Cette recherche veut interroger le pictogramme
sous l'angle de la réception. Aussi notre objet est-il de chercher
à savoir comment les pictogrammes sont perçus et interprétés
par le lecteur ordinaire, comment celui-ci accède au sens de ces
signes particuliers qui, à l'exception de la signalisation routière,
ne font l'objet d'aucun apprentissage formel.
Par le biais d'une expérimentation, des
verbalisations orales du sens en cours de construction ont été
recueillies, au sujet de pictogrammes présentés hors contexte
ou en contexte. L'analyse permet de mettre au jour certains des mécanismes
de la construction du sens par les lecteurs, parmi lesquels on remarque
l'importance des schémas (au sens de Bartlett et de ses épigones).
C'est ce point que nous nous proposons de développer ici.
Face aux pictogrammes, il semble que les lecteurs
activent la plupart du temps un schéma qui sert de cadre à
la construction du sens. Ce schéma est activé dès
que le lecteur prend contact avec le pictogramme. En témoigne la
spontanéité presque systématique des interprétations,
à savoir que soit l'interprétation, soit ses premiers éléments
émergent dès que le lecteur prend connaissance du pictogramme.

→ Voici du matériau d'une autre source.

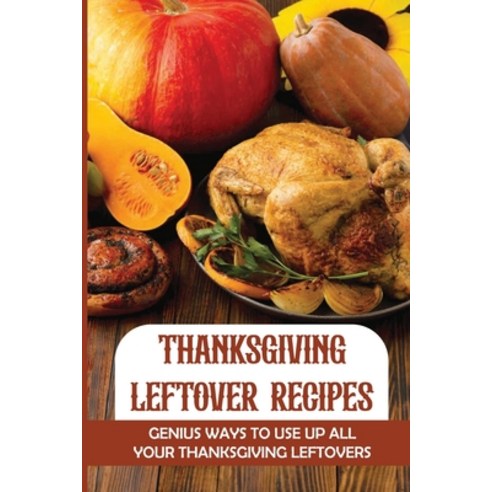 (영문도서) Thanksgiving Leftover Recipes: Genius Ways To Use Up All Your Thanksgiving Leftovers Paperback, Independently Published, English, 9798750350483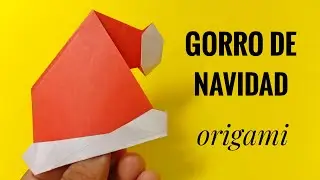 GORRO de NAVIDAD origami / origami santa Claus HAT /  CHRISTMAS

On remarque en outre que les interprétations spontanées ne
sont jamais remises en cause par les lecteurs, comme s'il n'y avait pas
de retour en arrière possible. Ainsi, il semble qu'une fois qu'un
schéma est activé il est très difficile, voire impossible
d'en changer, d'où la difficulté à corriger une interprétation
déviante, même lorsqu'il se présente des incohérences.
La double présentation des pictogrammes
(hors contexte et en contexte) met en évidence le rôle du
contexte qui est essentiellement de permettre au lecteur d'activer le bon
schéma et par là de parvenir à la bonne interprétation.
En témoignent certaines interprétations déviantes.
Citons à titre d'exemple le pictogramme signifiant "produit corrosif"
(voir figure), dont les gouttes ont parfois été identifiées
comme étant du sang, activant le schéma "transfusion sanguine".
Une telle interprétation n'aurait pas émergé en contexte.
Notre analyse met donc en lumière l'importance
des schémas dans l'interprétation des pictogrammes comme
cadres élaborés par les lecteurs pour aider à la construction
du sens. Elle met également en lumière le rôle du contexte
qui ici est essentiellement d'orienter le lecteur vers le bon schéma
qui le conduit à l'interprétation correcte.